She doesn't answer and I think that's the end of the conversation. She adjusts her legs so she's sitting cross-legged, her feet turned upwards on the back of each thigh.

On TV, another lifeguard has joined David in the sea. A girl is screaming for help, going under the waves. As I watch her, I am scanning through possible variants of my name but none of them make any sense.

At the ad break, Laurie stands up. “I've seen this one before.”

She throws the remote control at me without any warning so it bounces off my thigh and hits the cabinet next to me, making a crash before it falls on the floor.

“What about Rae?”

I've bent down to pick up the remote so I can't see her face as she says it. When I turn to look at her, she's already on her way out the door.

“Ray? That's a boy's name. Anyway, I don't have a ‘y' in my name.”

“R-a-e, dumbass. The girl's version.”

She doesn't look back, so I can't see her face, but writing this now, I bet she was rolling her eyes.
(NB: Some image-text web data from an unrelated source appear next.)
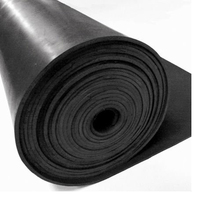 Jual Karet Neoprene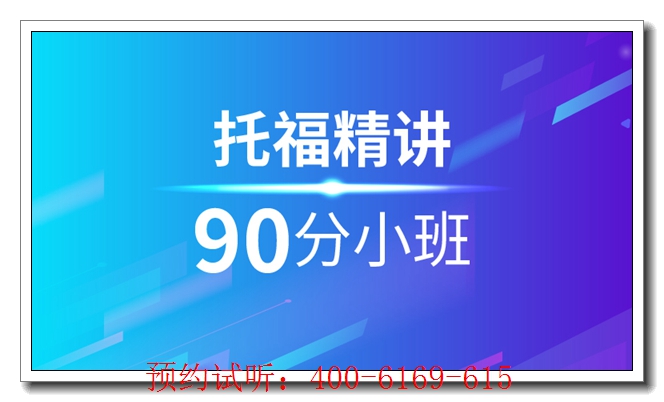 �����и���ѵ�ļ�ǿ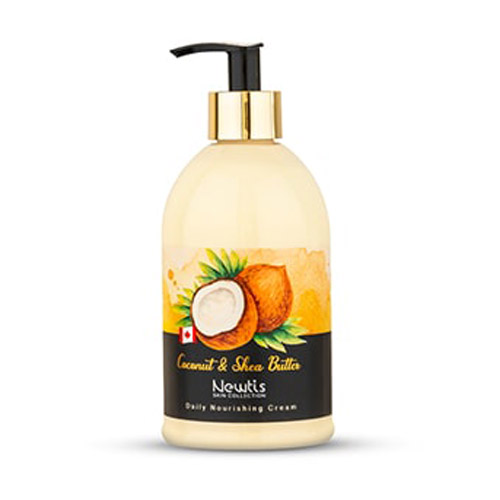 Newtis-Coconut-Cream-500ml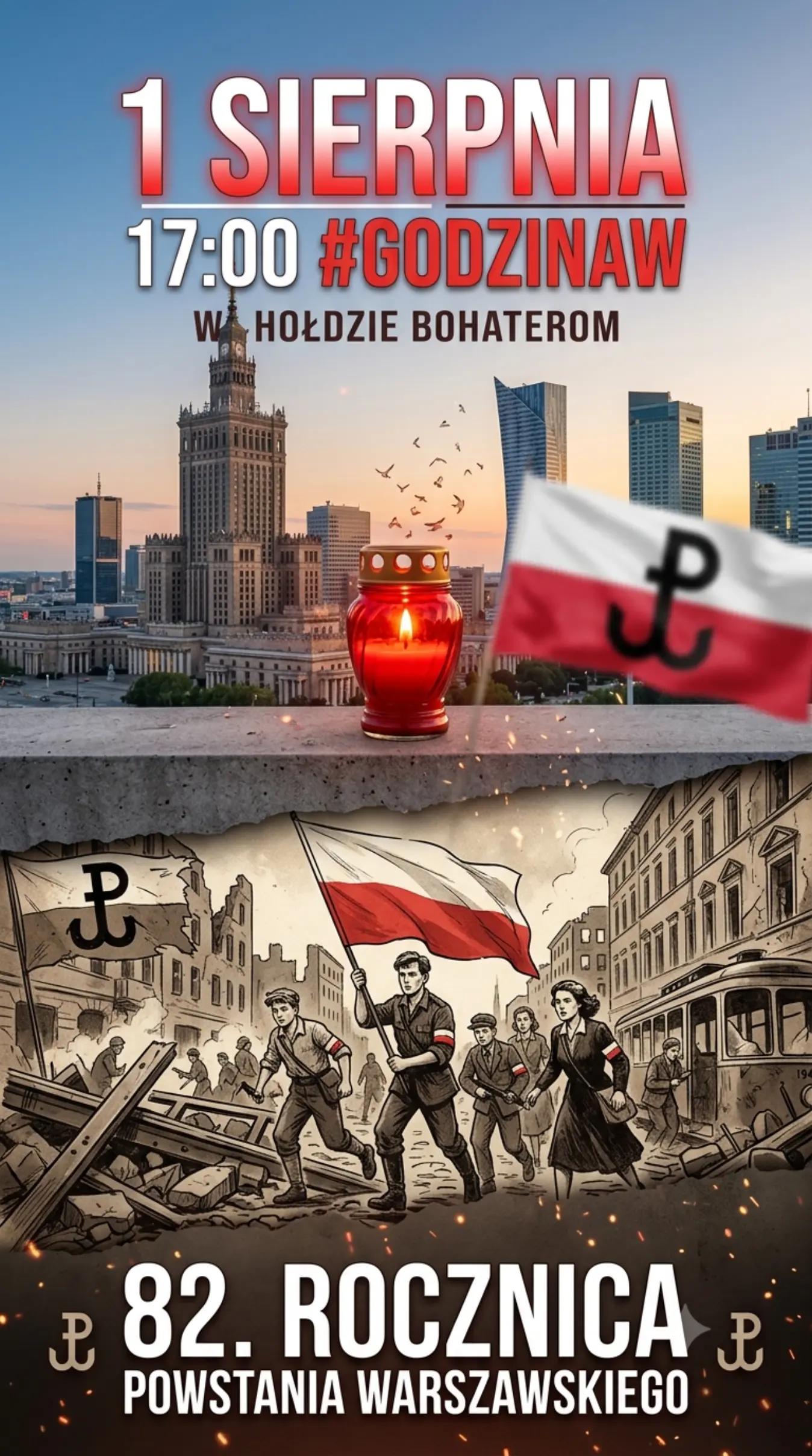 @🇵🇱❤ g&oacute;raleczka ❤🇵🇱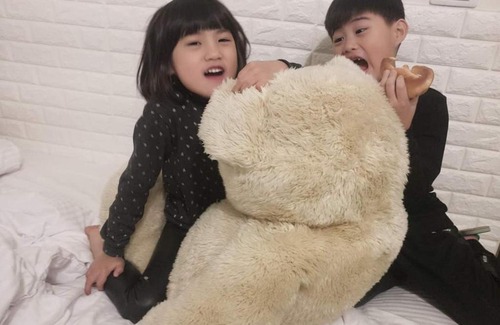 Jinning House | Yumi 旅店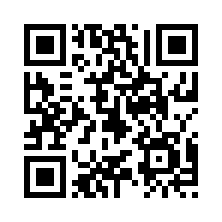 QR Code for 1MCjCZvTYD6k7uoWFbPac3ivQYonJsjZc4
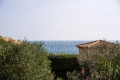 Maison CAVALAIRE-SUR-MER 4250772_2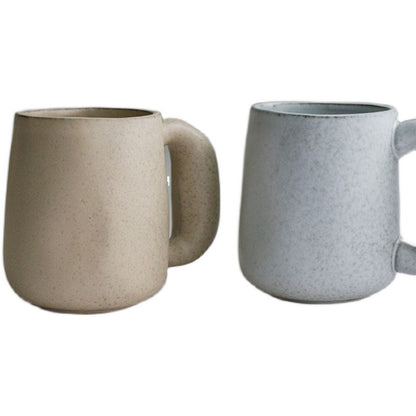 Tazza Pancia Grande
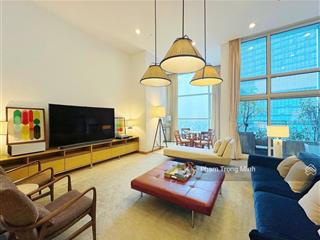 Bán nhiều căn hộ 107m2, 118m2, 126m2, 160m2, 206m2 tại keangnam giá tốt, hđ thuê 13003100$/tháng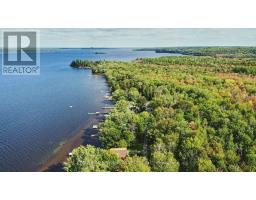 3056 Black Bay Lane, Horton, ON K7V3Z8 Photo 43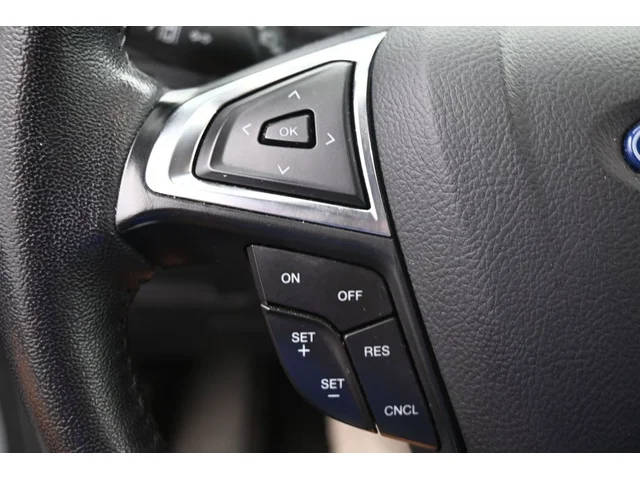 SEMINUEVOS FORD Edge a Estados en autogozo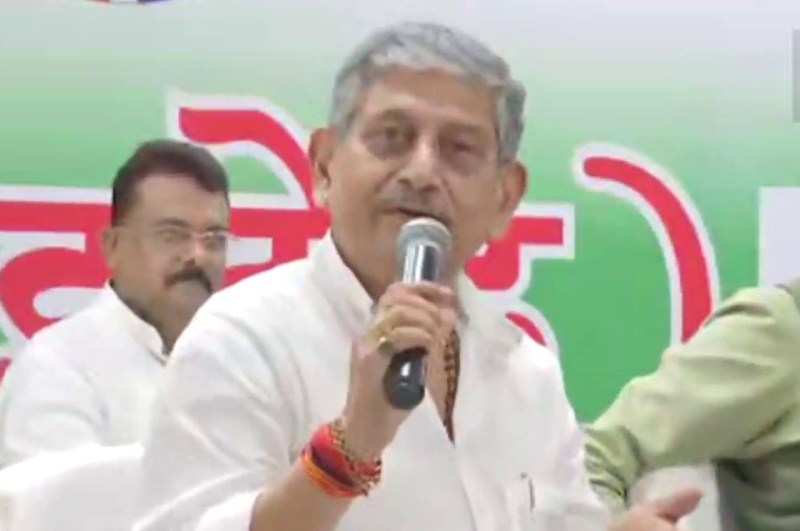 lalan singh, jdu cheif, nitish kumar, opposition meeting, opposition pm candidate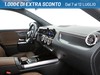 Mercedes GLA 250 e phev (eq-power) premium auto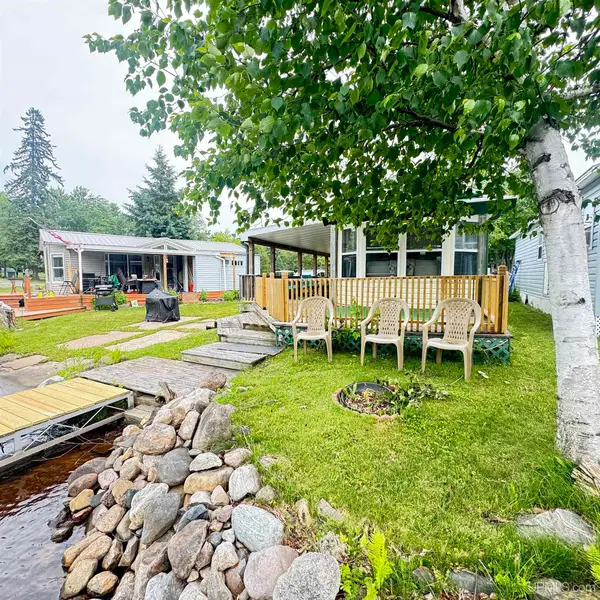 N3909 Pine Mountain, Iron Mountain, MI 49801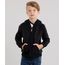 Blusao-Infantil-Basico-em-Fleece-com-Capuz-e-Bolsos-Preto-8838148-Preto_1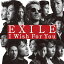 I Wish For You[CD] [CD+DVD/㥱åA] / EXILE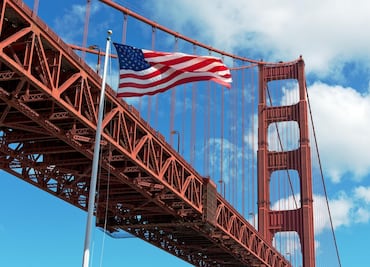 Empresas de Estados Unidos que contratan a mexicanos y dan visa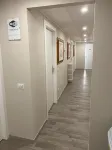 ホテル ガッラ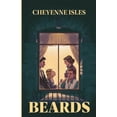 thumbnail image 1 of Beards, (Paperback), 1 of 1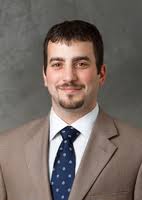 Professional Notes for May 4, 2017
I think about it all day, the new name, say it over and over in my head. Rae Farrell. Rae. It sounds kind of cool, different. Rae doesn't rhyme with diarrhoea. I like the short, crisp sound of one syllable. Rae. As we sit having lunch, I tune out of Cooper's story about the famous actor who came into the restaurant because I am imagining what Rae Farrell would order, what she would say. I never get to that part though because when I look up they're all looking at me, and I realise I forgot to laugh at Cooper's punchline.

Later, I want to ask Aunt Ruth what she thinks while she's emptying the dishwasher. I offer to help but she says no, even though I offer twice. I stand by the patio door looking at the garden, the darkness of the grass, the pool an oblong of blue light.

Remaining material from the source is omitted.